Don’t get me wrong, I appreciated Mary’s obedience in receiving the news of mothering the Savior, especially at such a young age and unmarried at the time. What really impressed me was David facing and defeating Goliath, Moses facing off with Pharaoh and the many heroic acts of men. The most heroic thing I was used to hearing was about Esther getting King Xerxes to spare the Jewish people exposing Haman’s plot.
Let Us Accomplish Every Good Work
Then I ran across this blog. Tim’s posts and blog entries struck the perfect pitch for me and I was fueled to continue. Then I read his post Godly Women Teaching Godly Men is Godly (and Biblical). When considering this topic a few ideas that had been with me came rushing back and I posted on Facebook about them:
- I posted this dusty bible with the words “Read Me” written on it with the caption: “I wonder if people read their bibles themselves instead of being spoon fed like little birds, would the world transform faster?”
- Then I shared an infographic that reads: “Everybody is busy empowering women. Who is preparing men for these empowered women?”
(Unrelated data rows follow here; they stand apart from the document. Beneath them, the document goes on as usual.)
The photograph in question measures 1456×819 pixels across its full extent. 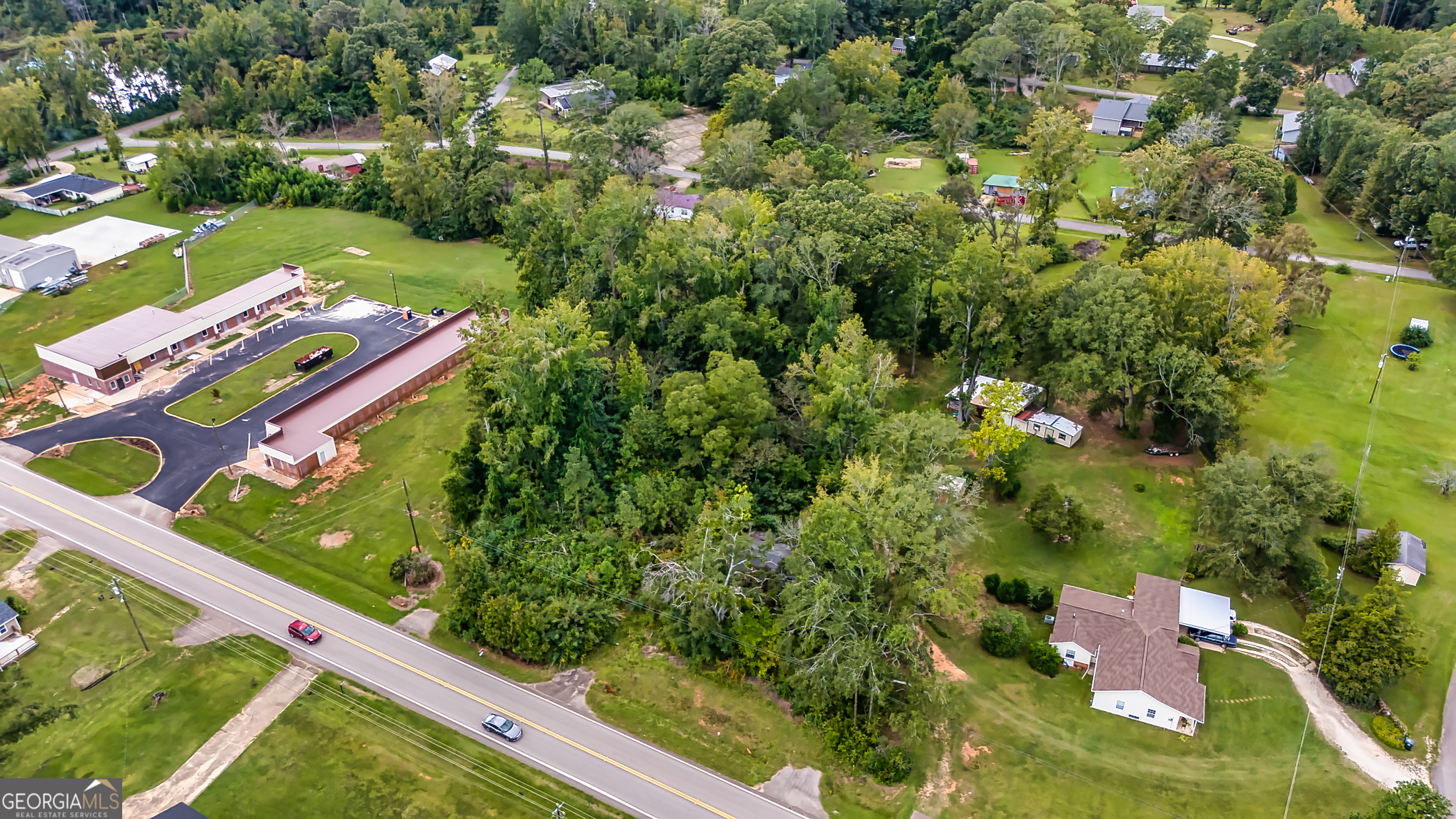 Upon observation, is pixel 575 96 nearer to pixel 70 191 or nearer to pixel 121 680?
pixel 70 191

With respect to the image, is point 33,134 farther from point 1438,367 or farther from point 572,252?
point 1438,367

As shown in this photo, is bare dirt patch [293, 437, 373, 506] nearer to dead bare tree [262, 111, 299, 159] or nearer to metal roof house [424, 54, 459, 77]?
dead bare tree [262, 111, 299, 159]

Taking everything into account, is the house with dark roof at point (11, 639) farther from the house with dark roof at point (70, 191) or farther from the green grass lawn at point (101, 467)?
the house with dark roof at point (70, 191)

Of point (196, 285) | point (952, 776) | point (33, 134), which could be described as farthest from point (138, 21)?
point (952, 776)

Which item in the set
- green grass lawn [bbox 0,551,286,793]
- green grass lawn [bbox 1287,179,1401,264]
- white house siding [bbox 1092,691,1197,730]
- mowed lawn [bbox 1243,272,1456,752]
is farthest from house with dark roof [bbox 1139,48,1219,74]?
green grass lawn [bbox 0,551,286,793]

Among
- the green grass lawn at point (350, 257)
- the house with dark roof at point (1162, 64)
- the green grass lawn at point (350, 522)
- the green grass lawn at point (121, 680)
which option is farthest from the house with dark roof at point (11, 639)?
the house with dark roof at point (1162, 64)

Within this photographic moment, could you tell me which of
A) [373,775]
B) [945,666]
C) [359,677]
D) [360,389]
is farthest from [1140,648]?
[360,389]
- The last and most important that flowed out with these was:
“I wonder if we accepted the true equality between men and women that God intended, would men read stories about women in the Bible like Proverbs 31, and take some lessons from those lives like women do from the lives of men?
This is another way that the tradition of belief that women cannot teach men hinders all of us. These stories are not just for women.
It would be amazing to hear a male pastor teach a lesson about Esther applicable to all of us and not just women.
As Tim commented on my Facebook post, “…If all scripture is useful for teaching, etc., then men are to learn from Proverbs 31, the life of Esther, and so on, as much as women.” This is a reference to 2 Timothy 3:16-17:
“All of Scripture is God-breathed; in its inspired voice, we hear useful teaching, rebuke, correction, instruction, and training for a life that is right so that God’s people may be up to the task ahead and have all they need to accomplish every good work.” (emphasis added).
This passage starts with the word “All” and ends with “so that God’s people may be up to the task ahead and have all they need to accomplish every good work”. Brothers, I know, you may find yourself in the same place as I was before I met Lee Grady since we are all taught similarly. You may only know about a handful of biblical women. Have you considered the stories of the women in the Bible as instructive to you as the stories about men are to all of us? If we all want to be fully equipped for every good work, let us be edified by all scripture, not missing the lessons available in the lives of women.
Brothers, I invite you to discover and to be inspired by the stories of women in the Bible as you are by the stories about men.
My prayer is that more people will pick up books like Fearless Daughters of the Bible by Lee Grady and discover some action packed and heroic stories of women in the Bible. I pray that if you preach, that you will unapologetically teach about the lives of these women just like you do men. Then the warrior women in your congregation will have the opportunity to see themselves beyond kitchen and children duties and be like Martha’s sister, choosing “the good part, which will not be taken away from her.”
Nadine Bent-Russell is technical project manager who loves people as much as technology . She periodically blogs on Defying Gravity Talk. Has a degree in Political Science/Public Service and is a graduate of a school of ministry. Travels to many parts of the world and has had many experiences that she is writing about in a forthcoming memoir.